__Problem to solve__
Beneath this line are entries. Copy the range from the line with "Used 2017 RAM" to the line with "Campur semua bahan", ends included, exactly; leave pictures out.

__Source information__
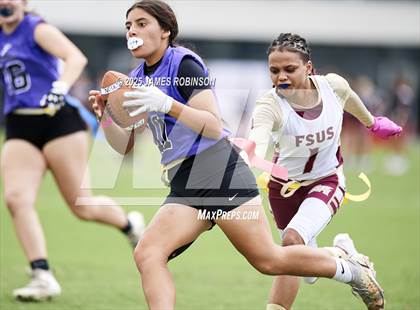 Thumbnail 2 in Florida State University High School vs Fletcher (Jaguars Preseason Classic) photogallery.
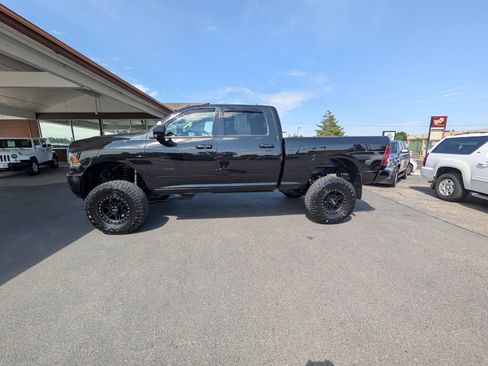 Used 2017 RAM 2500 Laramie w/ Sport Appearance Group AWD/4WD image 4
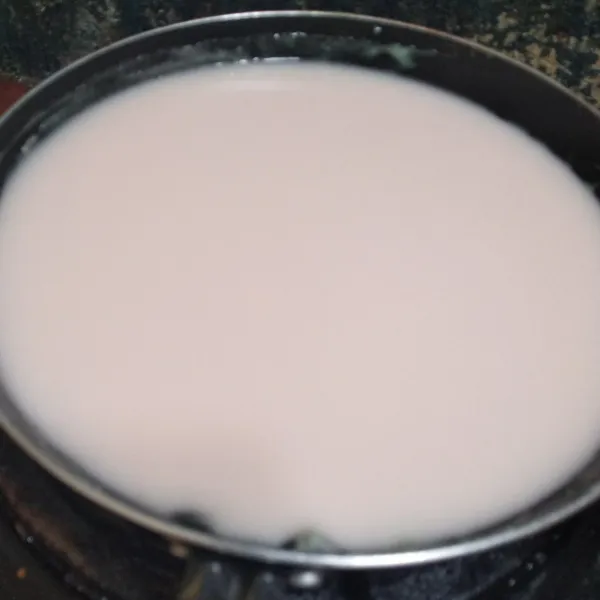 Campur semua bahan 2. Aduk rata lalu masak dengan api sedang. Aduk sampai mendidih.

---

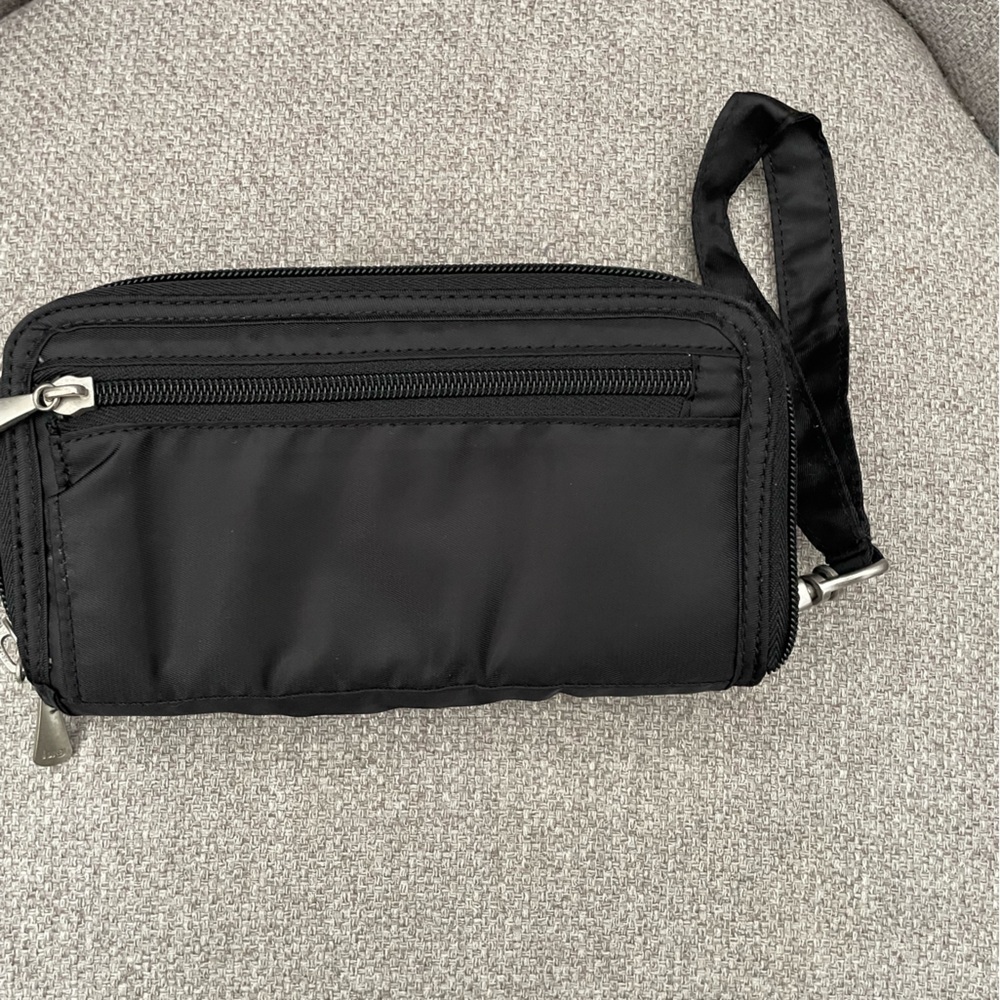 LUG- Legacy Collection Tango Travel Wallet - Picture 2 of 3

__Solution to this task__
 Used 2017 RAM 2500 Laramie w/ Sport Appearance Group AWD/4WD image 4
 Campur semua bahan 2. Aduk rata lalu masak dengan api sedang. Aduk sampai mendidih.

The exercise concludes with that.